BEGIN INFORMATION SHOWN

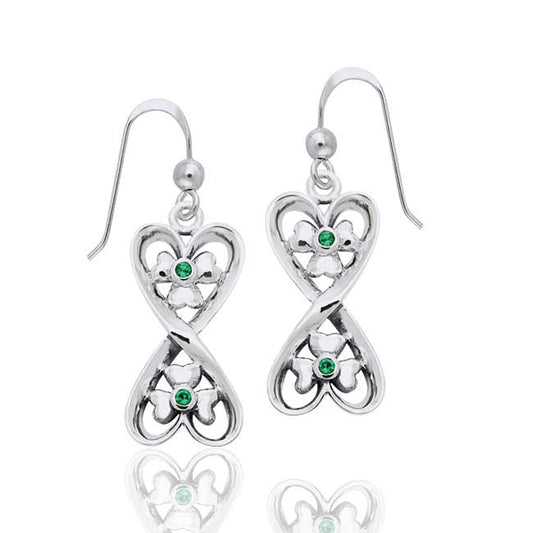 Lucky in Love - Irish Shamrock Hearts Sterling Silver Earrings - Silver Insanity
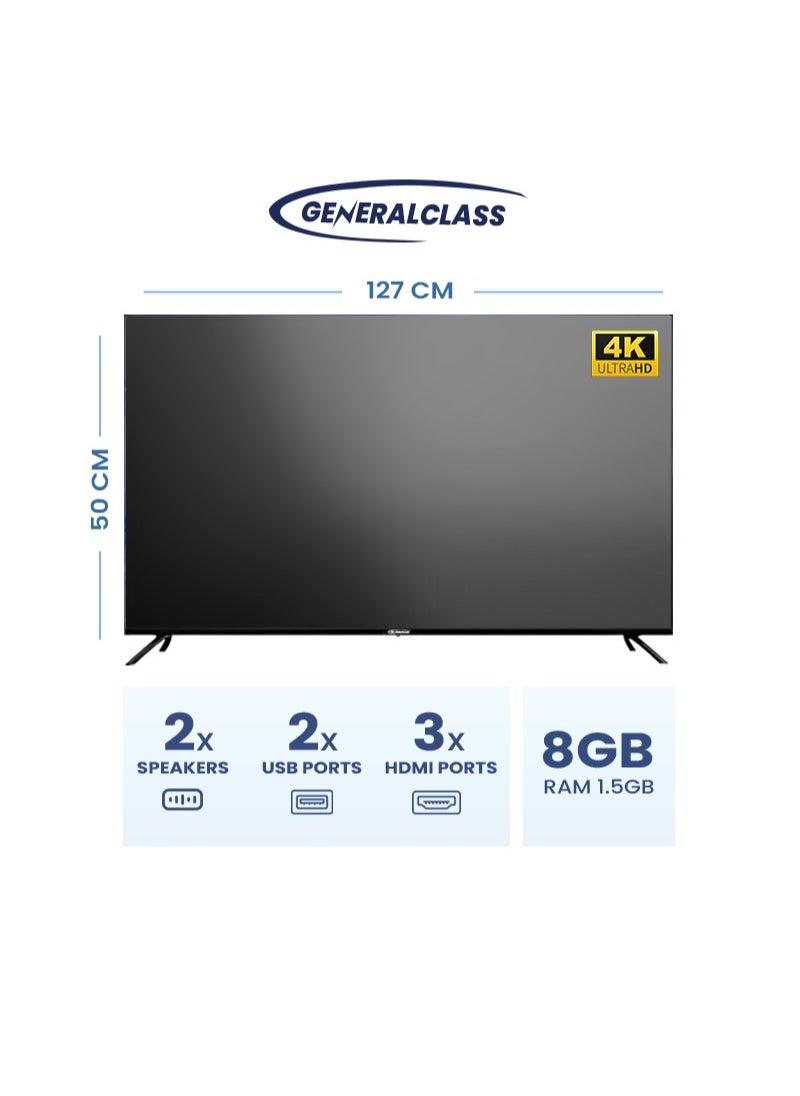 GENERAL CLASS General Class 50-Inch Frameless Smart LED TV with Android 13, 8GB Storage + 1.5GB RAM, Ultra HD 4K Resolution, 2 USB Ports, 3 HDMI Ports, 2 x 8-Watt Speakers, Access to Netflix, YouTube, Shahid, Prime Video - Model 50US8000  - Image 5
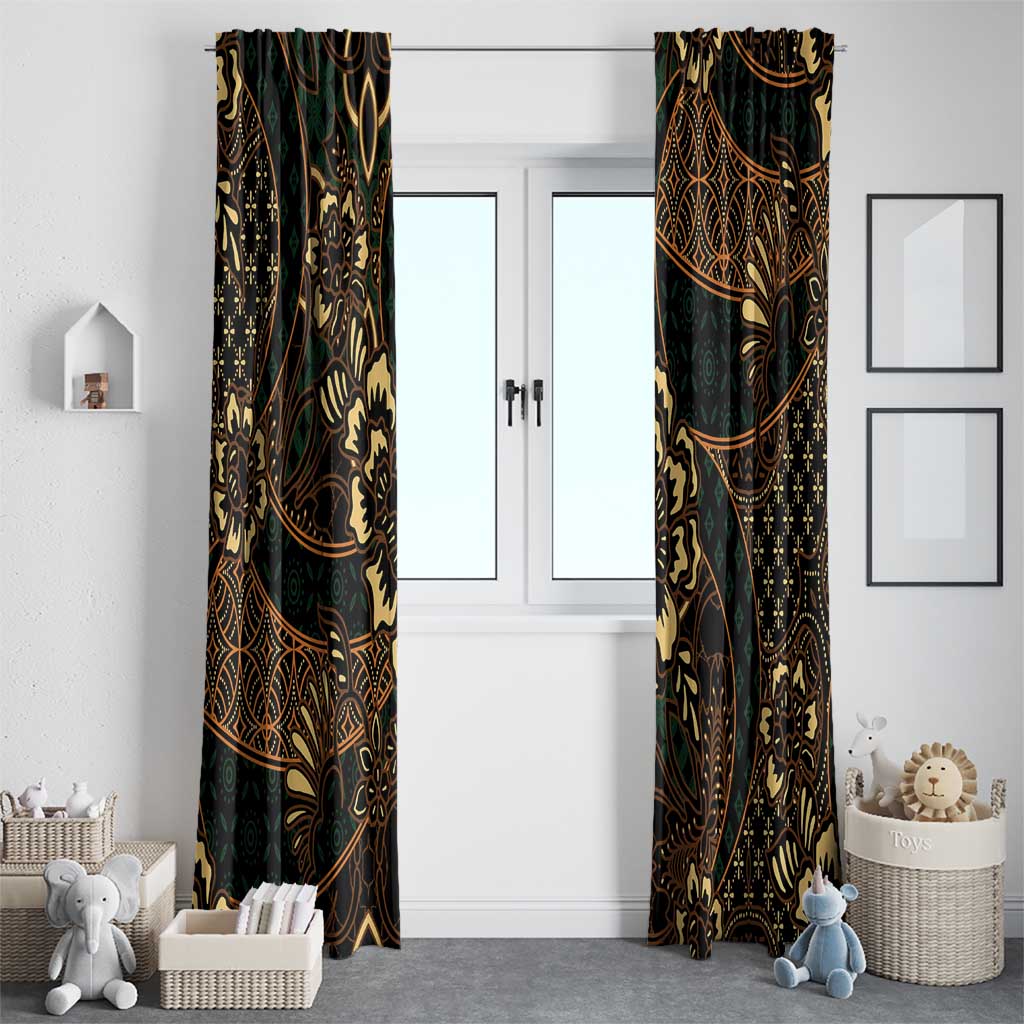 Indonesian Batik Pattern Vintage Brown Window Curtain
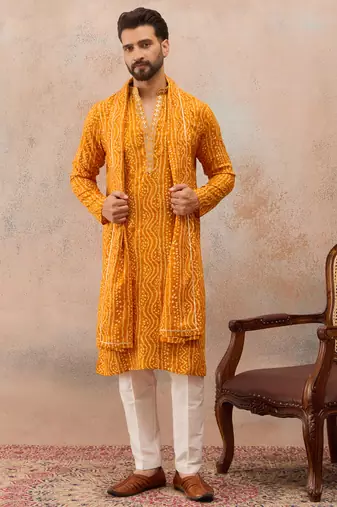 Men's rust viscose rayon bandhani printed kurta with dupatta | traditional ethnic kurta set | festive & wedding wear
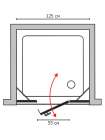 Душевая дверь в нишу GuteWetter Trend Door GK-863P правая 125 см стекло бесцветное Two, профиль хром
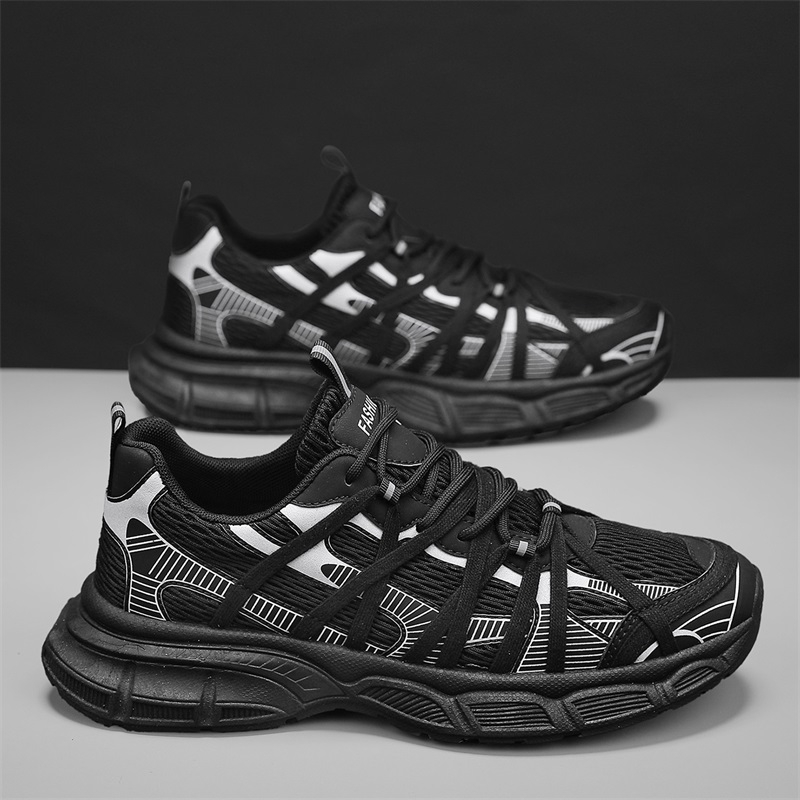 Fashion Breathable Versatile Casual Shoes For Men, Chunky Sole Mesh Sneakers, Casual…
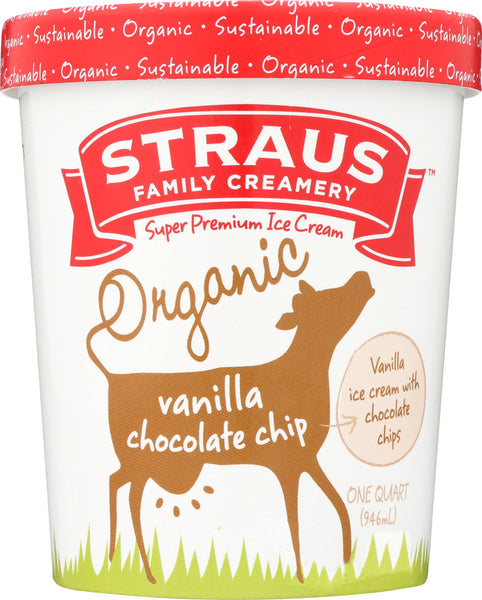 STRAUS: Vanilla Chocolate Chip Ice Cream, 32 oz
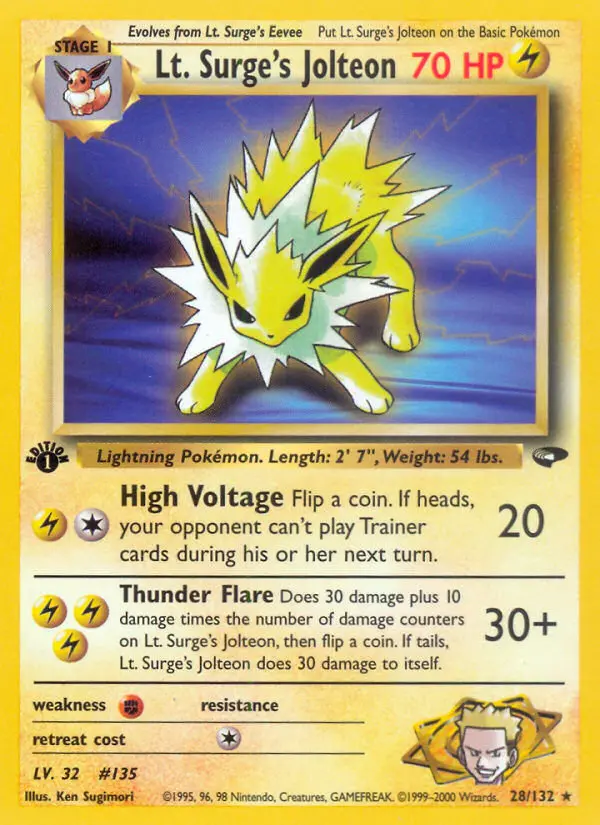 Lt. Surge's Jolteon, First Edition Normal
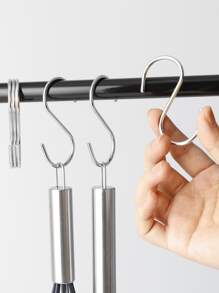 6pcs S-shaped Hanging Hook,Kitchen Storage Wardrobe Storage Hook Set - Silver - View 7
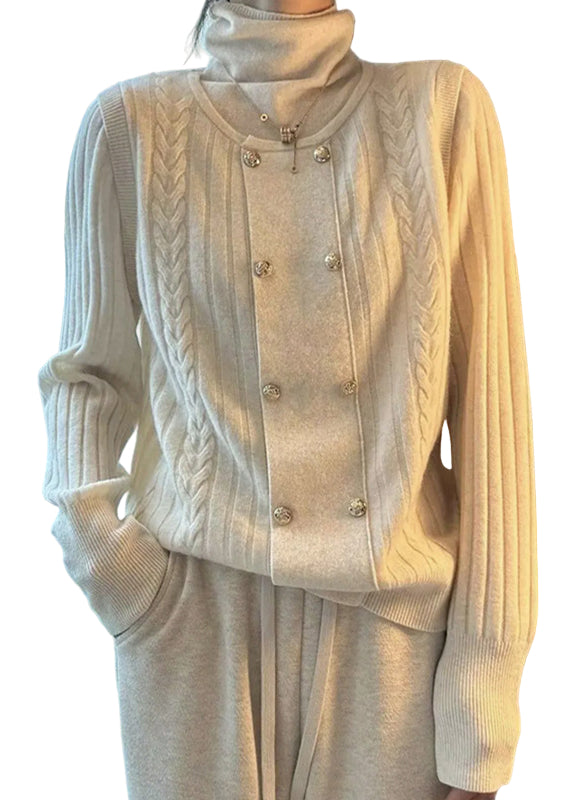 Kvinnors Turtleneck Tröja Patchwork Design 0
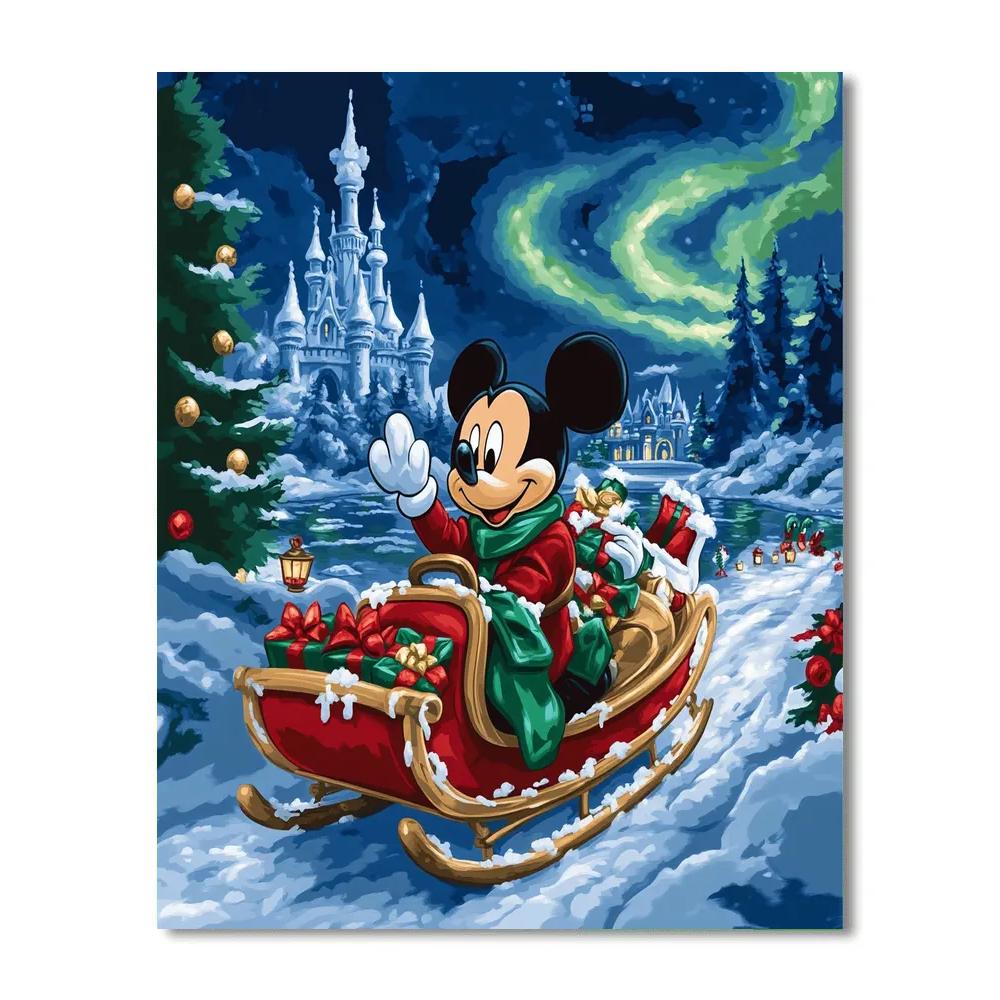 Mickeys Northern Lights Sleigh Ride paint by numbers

END INFORMATION SHOWN

§ WHAT IS REQUIRED
Write out the data above in full and exactly, but without the pictures.

§ FINAL ANSWER
 Lucky in Love - Irish Shamrock Hearts Sterling Silver Earrings - Silver Insanity
 GENERAL CLASS General Class 50-Inch Frameless Smart LED TV with Android 13, 8GB Storage + 1.5GB RAM, Ultra HD 4K Resolution, 2 USB Ports, 3 HDMI Ports, 2 x 8-Watt Speakers, Access to Netflix, YouTube, Shahid, Prime Video - Model 50US8000  - Image 5
 Indonesian Batik Pattern Vintage Brown Window Curtain
 Men's rust viscose rayon bandhani printed kurta with dupatta | traditional ethnic kurta set | festive & wedding wear
 Душевая дверь в нишу GuteWetter Trend Door GK-863P правая 125 см стекло бесцветное Two, профиль хром
 Fashion Breathable Versatile Casual Shoes For Men, Chunky Sole Mesh Sneakers, Casual…
 STRAUS: Vanilla Chocolate Chip Ice Cream, 32 oz
 Lt. Surge's Jolteon, First Edition Normal
 6pcs S-shaped Hanging Hook,Kitchen Storage Wardrobe Storage Hook Set - Silver - View 7
 Kvinnors Turtleneck Tröja Patchwork Design 0
 Mickeys Northern Lights Sleigh Ride paint by numbers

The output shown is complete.